Break-even analysis in marketing is a special form of break-even point analysis for the arithmetical determination of the conditions under which the breakeven point is reached for certain sales-economic activities (i.e. equality of the attributable total costs and total revenues in a reference period, especially for New product projects).
Ein Neuproduktvorhaben gilt als akzeptabel, wenn die lt. Marktforschung tatsächlich zu erwartende Absatzmenge nicht kleiner als die Break-Even-Menge ist (Absatzmenge innerhalb des Referenzzeitraums zur Erreichung der Gewinnschwelle). Bei genauer Betrachtung zeigt sich, dass dieser einfach erscheinende Rechenansatz, der auf dem Direct costing beruht (Deckungsbeitragsrechnung im Marketing), mehrere inhaltliche Probleme aufwirft.
In particular, it must be carefully clarified what is to be included in the fixed costs during the reference period. It would be inappropriate to also charge fixed costs through arithmetical allocations, which are already incurred on the basis of previous decisions and are not changed at all in their amount due to the introduction or non-introduction of the new product (e.g. proportionate salaries of the existing sales management). A resulting high fixed cost amount could mathematically lead to such a large target sales volume that the new product is not launched, although this actually means that possible additional contribution margins are lost, while on the other hand the already existing fixed cost amount continues to be incurred.
In this context, it is important to pay attention to the principle of change calculation, which states that only those calculation values are to be assigned to a decision alternative that are effectively increased or decreased by the decision. Existing fixed costs, which could be reduced if the new product were not used, belong accordingly to the fixed costs of the break-even formula (e.g. depreciation on a production plant that can be used for the new product, but would otherwise be sold).

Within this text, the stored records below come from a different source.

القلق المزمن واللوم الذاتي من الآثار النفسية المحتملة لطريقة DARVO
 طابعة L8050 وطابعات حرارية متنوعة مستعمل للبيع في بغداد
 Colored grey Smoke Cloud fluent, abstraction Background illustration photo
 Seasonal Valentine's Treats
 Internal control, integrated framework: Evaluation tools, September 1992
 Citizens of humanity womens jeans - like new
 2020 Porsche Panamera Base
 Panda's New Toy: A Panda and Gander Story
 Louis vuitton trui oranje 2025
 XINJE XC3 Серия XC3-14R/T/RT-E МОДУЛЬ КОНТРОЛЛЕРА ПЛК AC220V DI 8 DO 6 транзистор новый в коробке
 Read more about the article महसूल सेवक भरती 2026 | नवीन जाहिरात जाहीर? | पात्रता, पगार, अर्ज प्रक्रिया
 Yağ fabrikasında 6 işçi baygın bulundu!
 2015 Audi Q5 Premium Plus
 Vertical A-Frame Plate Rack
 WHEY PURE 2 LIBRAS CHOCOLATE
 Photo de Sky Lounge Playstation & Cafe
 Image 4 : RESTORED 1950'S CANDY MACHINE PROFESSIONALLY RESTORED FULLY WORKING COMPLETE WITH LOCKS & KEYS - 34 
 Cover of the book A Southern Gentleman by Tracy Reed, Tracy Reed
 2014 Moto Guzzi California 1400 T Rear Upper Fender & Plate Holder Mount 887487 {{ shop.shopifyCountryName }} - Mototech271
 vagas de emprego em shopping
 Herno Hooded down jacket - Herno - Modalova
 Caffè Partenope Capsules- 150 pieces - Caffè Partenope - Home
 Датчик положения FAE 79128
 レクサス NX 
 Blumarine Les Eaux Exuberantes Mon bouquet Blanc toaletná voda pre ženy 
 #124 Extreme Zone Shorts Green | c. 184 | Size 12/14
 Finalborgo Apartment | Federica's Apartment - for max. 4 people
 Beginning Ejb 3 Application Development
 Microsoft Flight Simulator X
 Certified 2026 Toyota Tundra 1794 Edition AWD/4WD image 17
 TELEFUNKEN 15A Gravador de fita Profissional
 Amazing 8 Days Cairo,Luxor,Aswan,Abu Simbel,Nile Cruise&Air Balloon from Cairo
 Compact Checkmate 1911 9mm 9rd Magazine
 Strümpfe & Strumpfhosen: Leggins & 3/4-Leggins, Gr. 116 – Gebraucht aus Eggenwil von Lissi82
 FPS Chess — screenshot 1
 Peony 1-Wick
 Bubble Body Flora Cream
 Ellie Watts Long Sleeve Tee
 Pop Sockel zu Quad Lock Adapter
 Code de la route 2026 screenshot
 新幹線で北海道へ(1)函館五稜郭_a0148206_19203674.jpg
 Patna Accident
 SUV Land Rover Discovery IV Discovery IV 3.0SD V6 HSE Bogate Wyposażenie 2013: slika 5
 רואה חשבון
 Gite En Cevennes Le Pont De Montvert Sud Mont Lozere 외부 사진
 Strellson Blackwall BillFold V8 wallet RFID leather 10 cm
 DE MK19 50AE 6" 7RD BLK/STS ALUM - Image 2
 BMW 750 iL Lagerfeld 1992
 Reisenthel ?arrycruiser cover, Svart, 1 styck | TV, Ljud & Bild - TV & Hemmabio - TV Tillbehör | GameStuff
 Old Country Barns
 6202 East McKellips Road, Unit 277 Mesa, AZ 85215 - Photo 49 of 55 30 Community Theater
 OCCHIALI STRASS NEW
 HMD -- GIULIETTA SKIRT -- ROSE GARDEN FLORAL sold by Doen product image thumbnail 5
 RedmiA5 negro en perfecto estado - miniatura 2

Likewise, all additional fixed costs due to the new product project must be included, e.g. the salary of a product manager who has to be hired first. However, it should be noted here (which is also not taken into account in the simple basic formula) that, in addition to one-off fixed charges (e.g. project planning costs), there are fixed costs that revolve every year (e.g. salaries). Depending on how long the reference period on which the break-even analysis is based, certain fixed cost amounts must be added up over several periods in the numerator of the formula.
If the new product can only be manufactured or sold in the event of a capacity bottleneck if the quantity of other products is withdrawn, the break-even analysis must include the corresponding opportunity costs per unit in the denominator of the formula as a supplement to the variable costs per unit of measure. In the case of break-even analyzes in marketing, the department controlling must ensure that adequate invoice information is provided and evaluated. This also includes the reference to the inadequacies of the static break-even calculation, in which the long-term success developments after reaching the breakeven point are ignored.